Understanding the structure and meaning of Finnish texts: From corpus creation to deep language modelling

Julkaisun tekijätKanerva Jenna

KustantajaUniversity of Turku







Natural Language Processing (NLP) is a cross-disciplinary field combining elements of computer science, artificial intelligence, and linguistics, with the objective of developing means for computational analysis, understanding or generation of human language. The primary aim of this thesis is to advance natural language processing in Finnish by providing more resources and investigating the most effective machine learning based practices for their use. The thesis focuses on NLP topics related to understanding the structure and meaning of written language, mainly concentrating on structural analysis (syntactic parsing) as well as exploring the semantic equivalence of statements that vary in their surface realization (paraphrase modelling). While the new resources presented in the thesis are developed for Finnish, most of the methodological contributions are language-agnostic, and the accompanying papers demonstrate the application and evaluation of these methods across multiple languages.

The first set of contributions of this thesis revolve around the development of a state-of-the-art Finnish dependency parsing pipeline. Firstly, the necessary Finnish training data was converted to the Universal Dependencies scheme, integrating Finnish into this important treebank collection and establishing the foundations for Finnish UD parsing. Secondly, a novel word lemmatization method based on deep neural networks is introduced and assessed across a diverse set of over 50 languages. And finally, the overall dependency parsing pipeline is evaluated on a large number of languages, securing top ranks in two competitive shared tasks focused on multilingual dependency parsing. The overall outcome of this line of research is a parsing pipeline reaching state-of-the-art accuracy in Finnish dependency parsing, the parsing numbers obtained with the latest pre-trained language models approaching (at least near) human-level performance.

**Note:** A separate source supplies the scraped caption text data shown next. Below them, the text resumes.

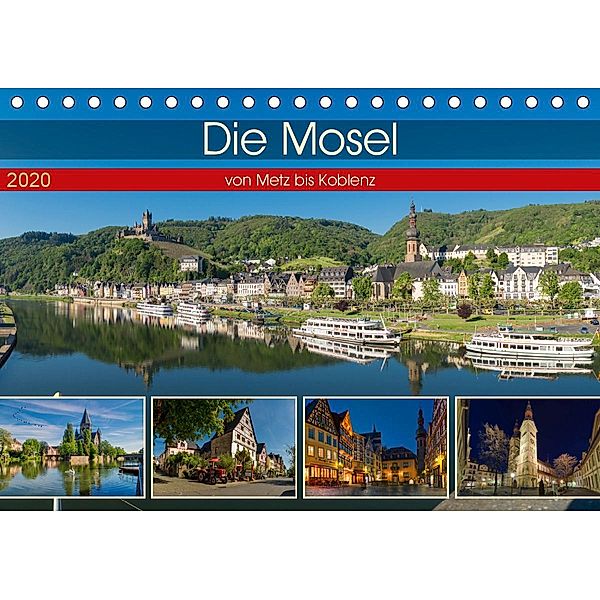 Die Mosel von Metz bis Koblenz (Tischkalender 2020 DIN A5 quer), Michael Pabst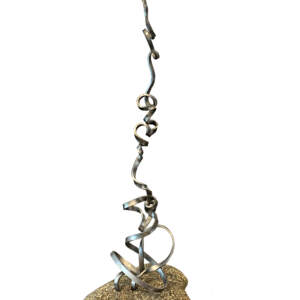 Bonfire, mixed media sculpture by Paul Reimer | Effusion Art Gallery + Cast Glass Studio, Invermere BC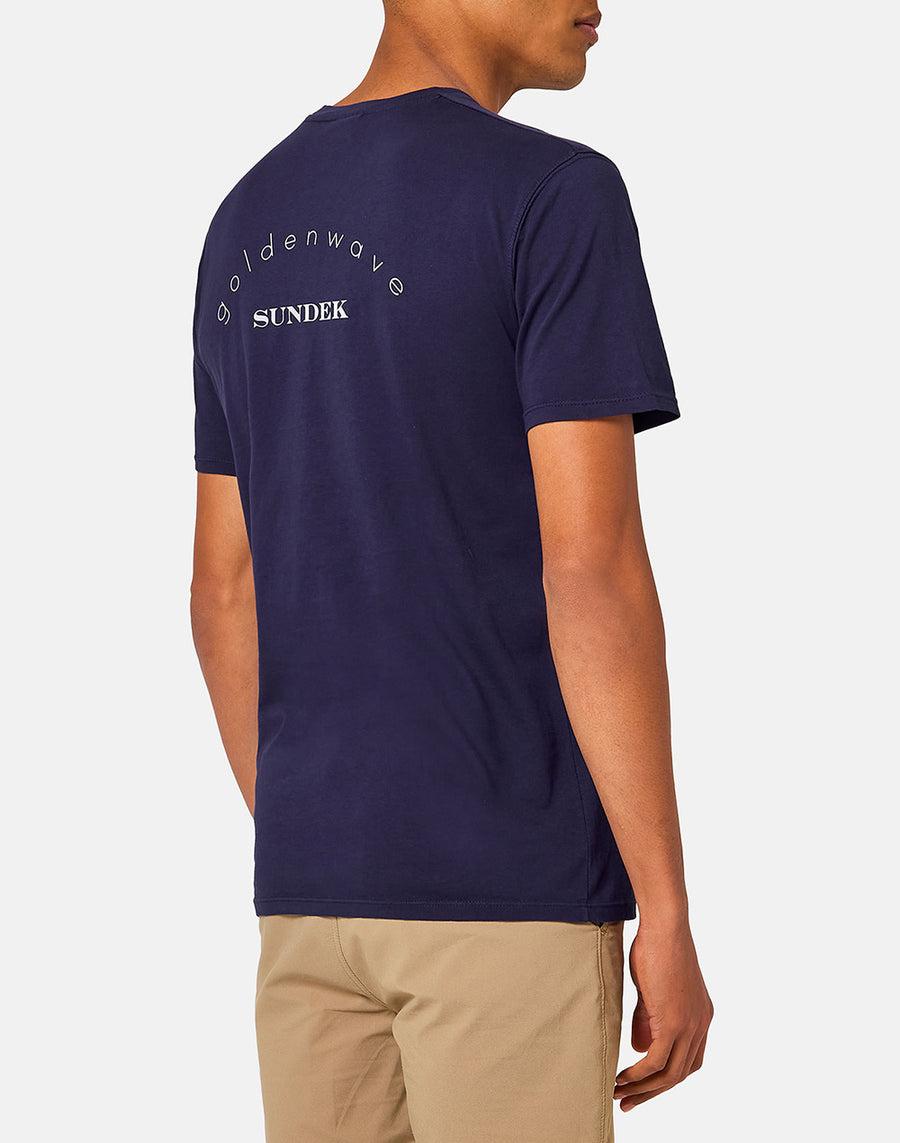 Sundek T-shirt in jersey tinto in capo GM011TEJE200-07400 In Linea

The achievement of large language models in the area of dependency parsing— as well as in many other structured prediction tasks— brings up the hope of the large pre-trained language models genuinely comprehending language, rather than merely relying on simple surface cues. However, datasets designed to measure semantic comprehension in Finnish have been non-existent, or very scarce at the best. To address this limitation, and to reflect the general change of emphasis in the field towards task more semantic in nature, the second part of the thesis shifts its focus to language understanding through an exploration of paraphrase modelling. The second contribution of the thesis is the creation of a novel, large-scale, manually annotated corpus of Finnish paraphrases. A unique aspect of this corpus is that its examples have been manually extracted from two related text documents, with the objective of obtaining non-trivial paraphrase pairs valuable for training and evaluating various language understanding models on paraphrasing. We show that manual paraphrase extraction can yield a corpus featuring pairs that are both notably longer and less lexically overlapping than those produced through automated candidate selection, the current prevailing practice in paraphrase corpus construction. Another distinctive feature in the corpus is that the paraphrases are identified and distributed within their document context, allowing for richer modelling and novel tasks to be defined.